Nessuna collezione? Perché?
Intanto, il tempo storico è ancora molto vicino e parecchi artisti sono viventi, hanno ricerche in corso. Inoltre, stiamo parlando di un’arte non più soltanto italiana ma, dalla fine del millennio, mondiale. Si tratterà quindi di un’espansione non solo cronologica ma anche spaziale, per documentare una situazione ancora in corso in definizione. È una scelta di metodo: sebbene abbiamo pezzi importanti (pensiamo solo alla collezione Acacia, che continua ad arricchirsi, e al potenziale di Milano di cui dicevo), ci saranno mostre a rotazione con una vocazione verso la contemporaneità. Marcata anche sul piano architettonico.
In che modo?
Lo Studio Calzoni, vincitore del concorso per il «secondo Arengario», mi ha molto aiutato a perfezionare il progetto, che avevo ben chiaro in mente, di spazi privi di scale, pilastri, colonne. Saranno tre (altissimi) livelli di circa 500 metri quadrati ciascuno, cui si accederà da un corpo contiguo, pensati per quell’arte che non è «contenuta» nello spazio ma che lo «determina»: installazioni, film, video, performance. La grammatica della contemporaneità. Il progetto definitivo è già stato approvato nei tempi previsti, ora si sta dettagliando l’esecutivo. E già da marzo il cantiere potrà essere osservato dal nuovo spazio che stiamo realizzando al piano terra dell’Arengario, il Forum ’900, un luogo per sostare (su sedute di design) e per tenere incontri e conversazioni.
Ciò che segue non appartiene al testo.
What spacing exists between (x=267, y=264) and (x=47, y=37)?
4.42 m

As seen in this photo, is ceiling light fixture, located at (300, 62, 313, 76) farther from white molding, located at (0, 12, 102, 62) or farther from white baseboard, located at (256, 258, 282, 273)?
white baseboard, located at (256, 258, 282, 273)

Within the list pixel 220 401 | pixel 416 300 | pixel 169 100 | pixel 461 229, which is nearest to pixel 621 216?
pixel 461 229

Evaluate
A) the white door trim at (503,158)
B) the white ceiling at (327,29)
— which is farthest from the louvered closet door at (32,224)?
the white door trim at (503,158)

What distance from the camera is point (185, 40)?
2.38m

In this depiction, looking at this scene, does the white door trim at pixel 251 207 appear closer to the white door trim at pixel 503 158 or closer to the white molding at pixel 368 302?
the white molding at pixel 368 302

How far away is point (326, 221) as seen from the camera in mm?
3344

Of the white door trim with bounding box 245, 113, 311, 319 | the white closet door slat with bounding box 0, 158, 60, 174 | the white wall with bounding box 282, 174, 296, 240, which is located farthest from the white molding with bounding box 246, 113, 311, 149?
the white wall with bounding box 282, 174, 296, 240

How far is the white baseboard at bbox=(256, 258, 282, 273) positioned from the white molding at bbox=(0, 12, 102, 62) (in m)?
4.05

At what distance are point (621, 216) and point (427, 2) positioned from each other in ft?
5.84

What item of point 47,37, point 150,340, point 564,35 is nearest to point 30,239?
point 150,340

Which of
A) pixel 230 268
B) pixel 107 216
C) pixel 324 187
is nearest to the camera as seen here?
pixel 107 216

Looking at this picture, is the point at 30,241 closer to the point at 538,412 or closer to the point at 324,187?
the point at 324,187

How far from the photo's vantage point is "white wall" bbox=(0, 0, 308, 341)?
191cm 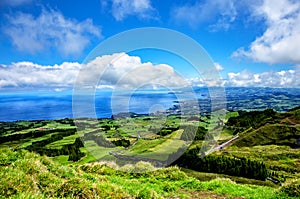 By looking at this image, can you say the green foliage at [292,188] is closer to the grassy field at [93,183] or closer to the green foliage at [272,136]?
the grassy field at [93,183]

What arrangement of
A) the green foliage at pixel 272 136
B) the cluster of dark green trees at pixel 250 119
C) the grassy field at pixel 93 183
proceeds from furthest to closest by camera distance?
the cluster of dark green trees at pixel 250 119
the green foliage at pixel 272 136
the grassy field at pixel 93 183

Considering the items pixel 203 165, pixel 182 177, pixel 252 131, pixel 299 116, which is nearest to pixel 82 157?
pixel 203 165

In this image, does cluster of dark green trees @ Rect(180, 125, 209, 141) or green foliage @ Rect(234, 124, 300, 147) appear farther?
green foliage @ Rect(234, 124, 300, 147)

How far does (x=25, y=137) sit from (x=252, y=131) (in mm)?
131943

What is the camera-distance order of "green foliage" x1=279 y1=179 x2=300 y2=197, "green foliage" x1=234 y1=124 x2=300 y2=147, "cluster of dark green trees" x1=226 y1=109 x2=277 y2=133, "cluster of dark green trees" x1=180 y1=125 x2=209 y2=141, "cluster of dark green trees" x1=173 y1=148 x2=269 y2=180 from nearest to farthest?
"green foliage" x1=279 y1=179 x2=300 y2=197, "cluster of dark green trees" x1=173 y1=148 x2=269 y2=180, "cluster of dark green trees" x1=180 y1=125 x2=209 y2=141, "green foliage" x1=234 y1=124 x2=300 y2=147, "cluster of dark green trees" x1=226 y1=109 x2=277 y2=133

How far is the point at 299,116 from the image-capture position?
139 m

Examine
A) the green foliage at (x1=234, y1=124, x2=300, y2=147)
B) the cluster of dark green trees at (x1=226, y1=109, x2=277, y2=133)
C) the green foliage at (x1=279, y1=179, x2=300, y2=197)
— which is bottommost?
the green foliage at (x1=234, y1=124, x2=300, y2=147)

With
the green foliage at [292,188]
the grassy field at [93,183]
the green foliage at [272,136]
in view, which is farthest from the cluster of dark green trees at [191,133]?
the green foliage at [292,188]

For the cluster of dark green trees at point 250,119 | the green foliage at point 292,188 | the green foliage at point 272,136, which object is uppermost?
the green foliage at point 292,188

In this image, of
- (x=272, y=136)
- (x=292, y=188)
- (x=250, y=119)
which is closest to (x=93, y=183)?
(x=292, y=188)

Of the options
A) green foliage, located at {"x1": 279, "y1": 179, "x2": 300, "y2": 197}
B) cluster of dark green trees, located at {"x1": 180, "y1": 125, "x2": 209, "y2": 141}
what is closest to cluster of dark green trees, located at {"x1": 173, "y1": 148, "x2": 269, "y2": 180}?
cluster of dark green trees, located at {"x1": 180, "y1": 125, "x2": 209, "y2": 141}

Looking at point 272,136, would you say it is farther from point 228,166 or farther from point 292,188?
point 292,188

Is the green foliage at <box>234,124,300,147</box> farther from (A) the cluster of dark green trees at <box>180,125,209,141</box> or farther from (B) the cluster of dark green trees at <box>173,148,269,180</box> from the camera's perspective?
(B) the cluster of dark green trees at <box>173,148,269,180</box>

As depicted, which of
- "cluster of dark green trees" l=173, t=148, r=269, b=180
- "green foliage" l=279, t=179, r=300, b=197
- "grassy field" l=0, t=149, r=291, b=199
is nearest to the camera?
"grassy field" l=0, t=149, r=291, b=199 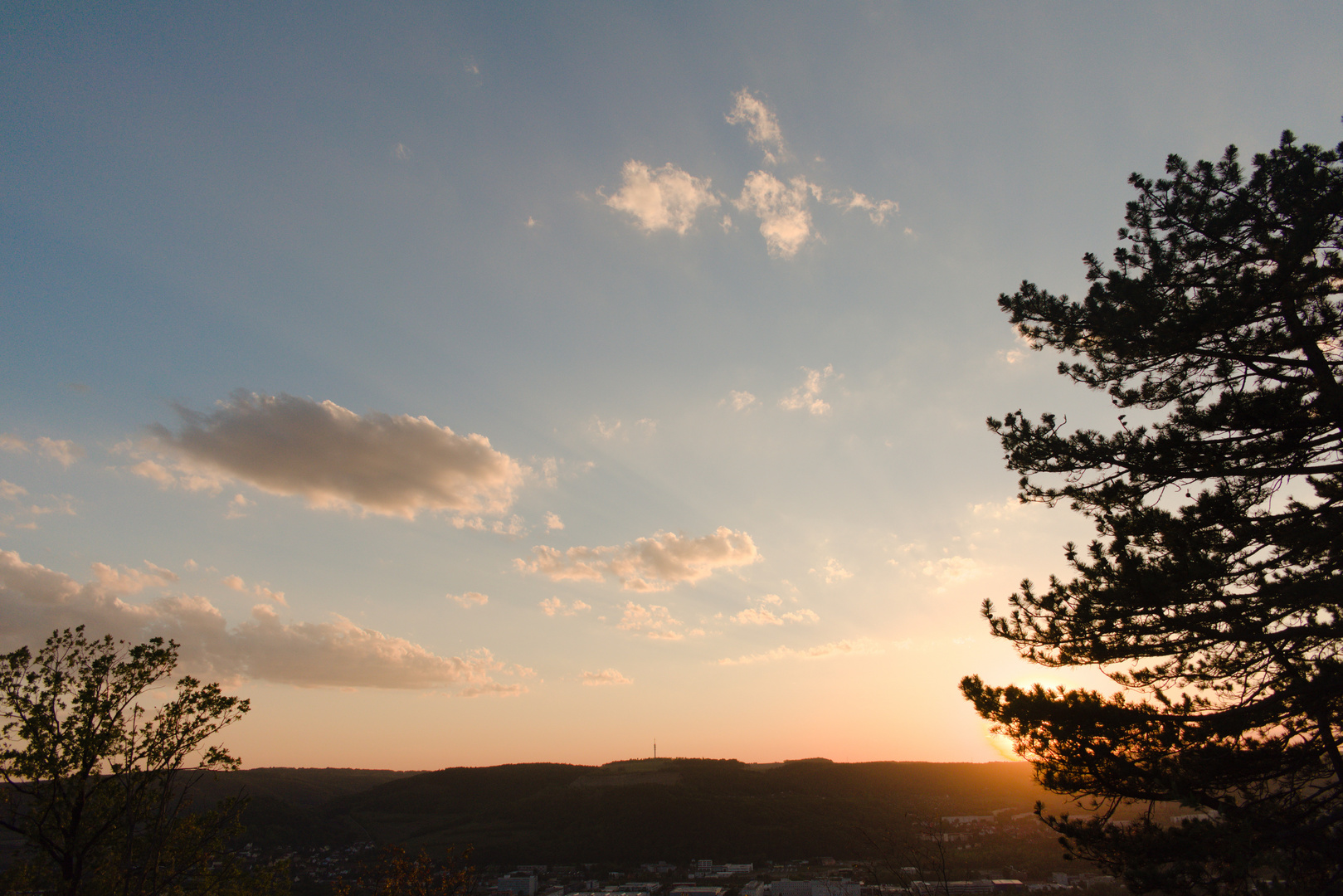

Che cosa ci può dire degli altri musei?
Per tutti occorre pensare a una logica identitaria: per la Gam la scelta dell’800 è fondamentale. Il che non esclude incursioni del contemporaneo, sempre attinenti, però, al luogo. Aver esposto qui, ragionandone con l’autore che l’ha donata al Museo del Novecento, «Lullaby», l’opera realizzata da Maurizio Cattelan con le macerie del Pac distrutto dall’attentato mafioso del 1993, connette il suo senso di disillusione, da «fine della storia», con l’ottimismo progressista del «Quarto Stato», esposto proprio a fianco. E, nel trentennale dell’attentato, la maceria troverà il suo riscatto grazie all’aura conferitagli dal museo. Palazzo Morando sarà da rivedere riflettendo sulla sua eredità storica, ma con un’interpretazione contemporanea, anche visionaria: è però prematuro parlarne. Quanto alla Casa museo Boschi Di Stefano, è un gioiello da valorizzare, rimarcandone la dimensione abitativa e ripensando anche gli altri spazi dell’edificio. Per lo Studio Museo Francesco Messina, ora in ristrutturazione, vorrei puntare sulla sua dimensione di laboratorio. Vi sono già interlocuzioni con un’importante istituzione cui Messina fu legato, ma anche di questo è prematuro parlare. Per tutti penso a un futuro in cui entrino maggiormente nell’immaginario della città.